Dua Puluh Lima

381 56 15
                                    

Selamat membaca 😊

Warning!
Contain sexual harassment scene.

Jadi pembaca yang bijak yaa...
Segala bentuk tindakan tidak terpuji dalam cerita ini, mohon untuk tidak ditiru.

Aku udah berusaha meminimalisir adegan itunya. Dengan bahasa yang sekiranya lebih bersahabat untuk dibaca siapa saja.

***
Lima tahun lalu

Rangga terbangun dari tidurnya dengan napas terengah-engah. Dia mencoba menormalkan ritme jantungnya dengan berapa kali mengembuskan napas panjang. Rangga lalu tersenyum setelah napasnya kembali seperti biasa.

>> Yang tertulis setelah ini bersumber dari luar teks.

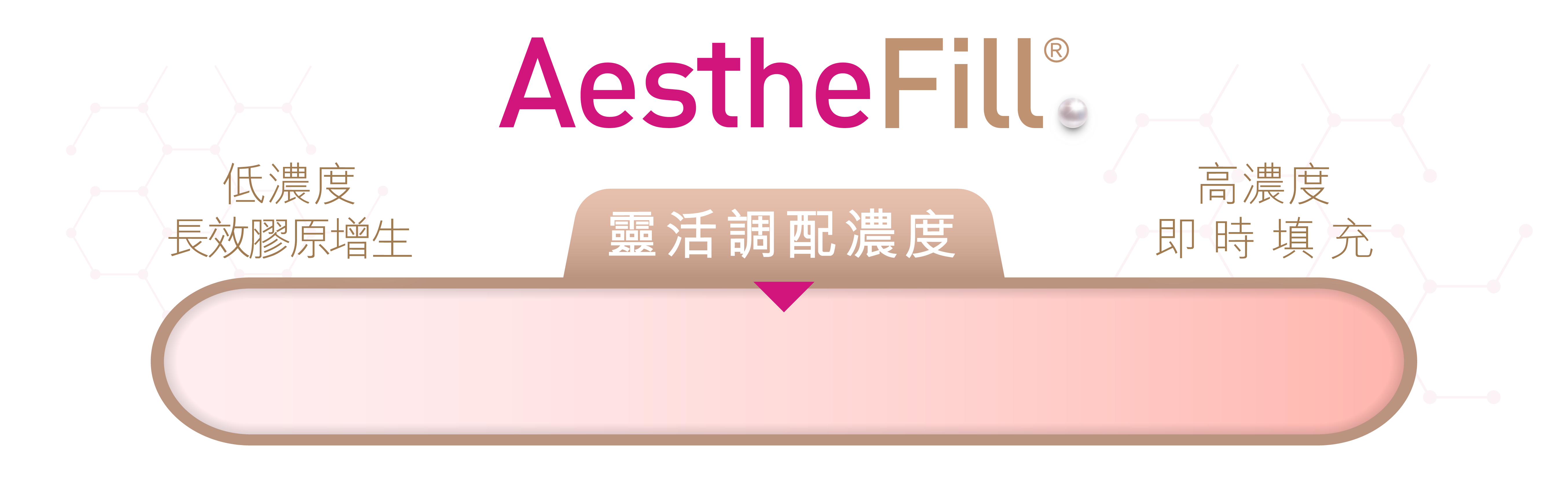 Aesthefill Icons 09 - ​輪廓療程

"Ketemu kamu lagi, Di. Ini hari ketiga aku tanpa kamu tapi kamu masih terus nemenin aku dimimpi, bahkan tidur siang." Rangga bermonolog sendiri. "Gimana hari-hariku selanjutnya tanpa kamu, Sayang? Gimana anak kita? Kenzie masih di rumah sakit karena kondisinya tidak baik setelah lahir prematur."

Rangga menghempaskan tubuhnya kembali di atas kasur. "Bisa-bisanya kamu datengin aku di mimpi cuma buat ingetin pesan terakhir kamu sebelum kamu pergi." Rangga tersenyum miris.

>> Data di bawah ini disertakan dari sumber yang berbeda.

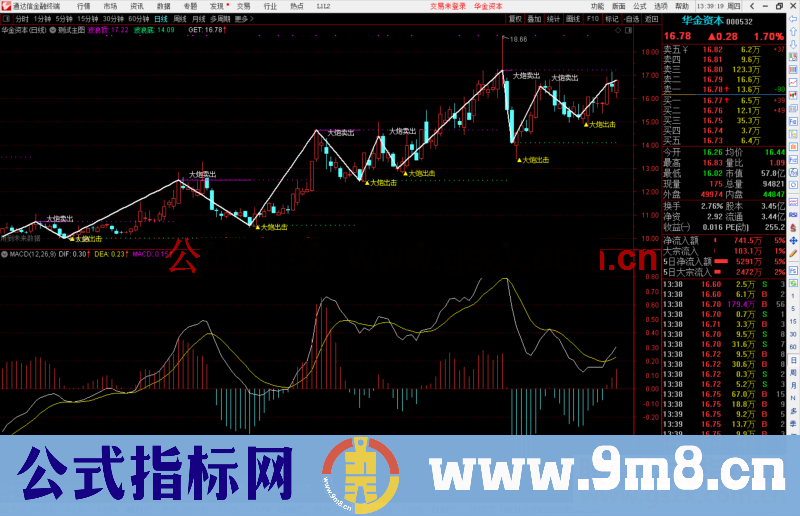 通达信大炮买卖公式主图源码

"Dasar cewek tomboi tapi berhati sutera! Kamu sekarat waktu itu. Bukannya mikir diri sendiri biar selamat tapi kamu malah ngomongin soal orang yang kamu tabrak." Rangga masih bergumam sendiri. Perlahan, air mata menetes di pipinya.

"Iya, Diana, iya. Aku akan tanggung jawab meskipun polisi menyudahi kasus tabrakan ini. Tapi tolong, kasih aku waktu, ya?"

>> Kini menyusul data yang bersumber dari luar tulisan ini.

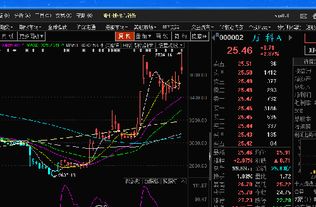 格力电器如何看出后复权的年收盘价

Air mata sialan itu masih juga menetes tanpa permisi. Rasa perih masih begitu terasa meskipun sudah tiga hari berlalu. Rangga bahkan masih enggan untuk masuk kerja. Enggan bertemu siapa pun kecuali ke rumah sakit menjenguk anaknya.

"Pastikan keluarganya hidup baik ya, Mas. Ini salahku. Tolong bantu aku bertanggung jawab." Kalimat itu diucapkan Diana dengan terbata sesaat sebelum dia masuk ke ruang operasi untuk mengeluarkan Kenzie. Ruangan jahanam yang akhirnya merenggut nyawa Diana di dalam sana.

Rangga menegakkan posisi tubuhnya. Dia lalu menarik laci yang ada di meja dekat tempat tidur dan mengambil map warna kuning di sana.

Foto dari dua orang anak perempuan langsung terlihat saat map itu dibuka. Mereka adalah anak-anak dari korban tabrakan. Menurut informasi, kedua anak itu jadi yatim piatu sekarang.

Rangga membaca data anak-anak itu. Semuanya lengkap tertulis berikut nama sekolah, bahkan prestasi mereka.

Sehari setelah Diana meninggal, Rangga memang meminta Freddy, teman lamanya untuk mencari tahu soal keluarga korban. Dia tidak ingin melibatkan polisi di sini. Dia malas dengan segala birokrasi yang harus ditempuh jika berurusan dengan aparat.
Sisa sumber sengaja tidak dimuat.